When I have broached the subject in the past people always have the same arguments for going to the restaurant. They say that it’s easier than cooking for yourself. Now, despite that being a monumentally lazy excuse, I don’t really understand it. I mean, there’s so much more involved. The entire process is much more complex than you think.
You decide that you want to go to a restaurant, then you have to decide who it is that you want to go with. What kind of food do you want? So, which restaurant are we going to go to? Then, these preliminary decisions made, you must decide when you are going to go. When is everyone available? Are you going to combine this experience with any other evening activities? Are we going to see a show? Are we going to have drinks? Are we going dancing? Then if so, what order are going to do it all in? It all comes down to that one big question; What time do you want the table?
Even once all that preparation is through, there is still more to come. The big day arrives. Everyone is excited in anticipation of the great feast. Some people will even have skipped lunch so that when the time comes, they can really let loose. Invariably you get dressed up and then you have to decide how you are going to get there. Are we walking or do we need some form of transport? If so, are we driving or drinking? Who’s driving? Who’s drinking? Maybe we should take a taxi? How many taxis do we need? Once all of this is sorted and you get to the restaurant, a whole new conundrum announces itself. Who is going to sit where? So once everyone is sat down, then comes the time to order. What are you getting? I don’t know, are you having a starter? Shall we get drinks? Do we want wine? Bread for the table? Even at the end of the meal there are problems to be overcome. Who’s paying, and how much should we tip?
There is no way to convince me that all of this is easier than a bit of DIY cookery. But this isn’t the only issue with restaurants. The whole concept of the restaurant I find a little unsettling. You don’t know what happens to your food before it arrives at the table. Some of the time you aren’t even 100% sure what is in the food. All we have to go on is a brief blurb written in the menu. You don’t know what it has been through. It gets prepared by a person you don’t know , in a room you can’t see, in far less time than you would reasonably expect it to take. These things concern me, but maybe I’m a little distrustful. Don’t even get me started on buffets. Where did that idea spring from? Who walked into a restaurant and thought; “How can we make this less hygienic?”

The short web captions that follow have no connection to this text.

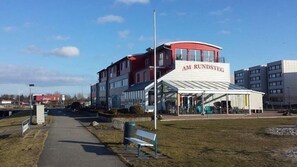 Apartment (Strandliebe) | Außenbereich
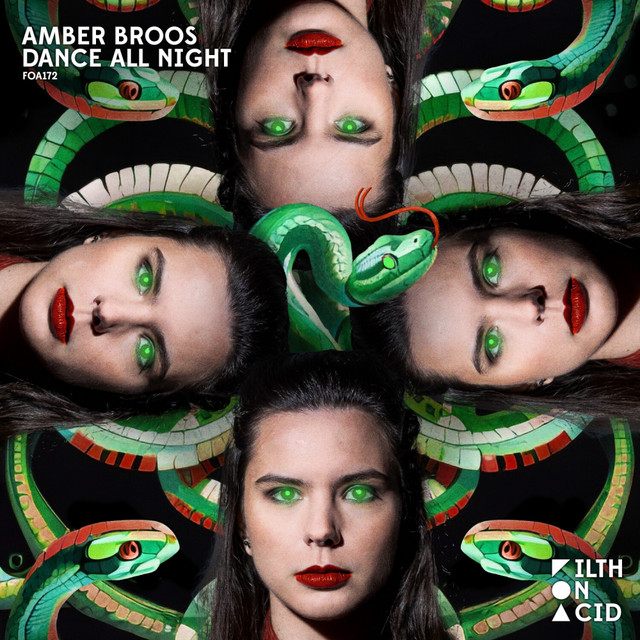 Dance all Night album art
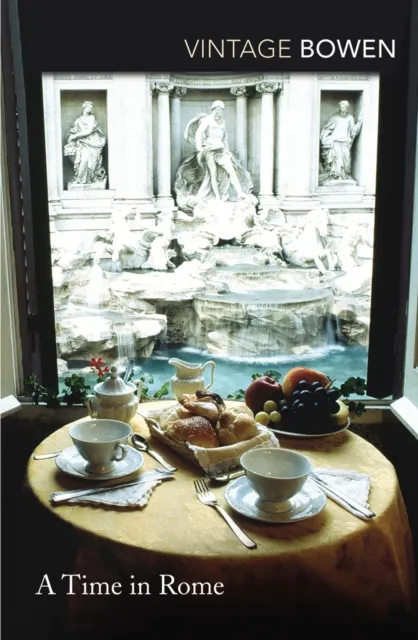 Elizabeth Bowen A Time in Rome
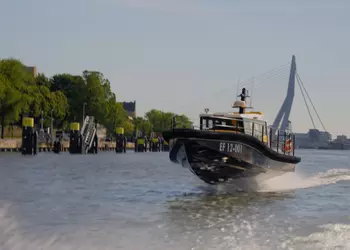 El puerto de Róterdam ha lanzado ...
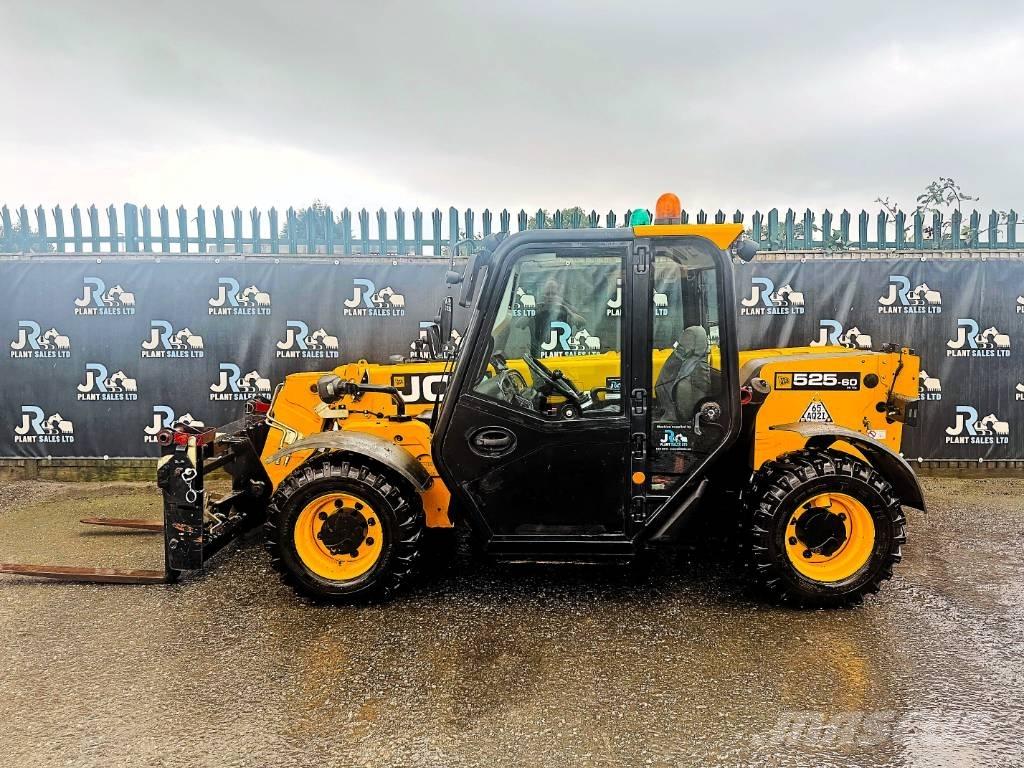 JCB 525-60 Verreikers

People also argue that you go to a restaurant for the ambience. I don’t really understand that either. Why do we pay to go and sit in a large, noisy room filled with people that we don’t know to eat our meals? Why do we reserve a time slot to go and relive the school canteen experience of our youth, albeit in a slightly more sophisticated manner? A brief search online reveals that almost every restaurant in the city in which I currently live will deliver the majority of items on their menu to your house if you are particularly set on paying through the nose for slightly fancier food. Perhaps this will become the future of dining. I suspect this will remain an aspect of our culture that I shall never fully understand, however clearly I am missing something.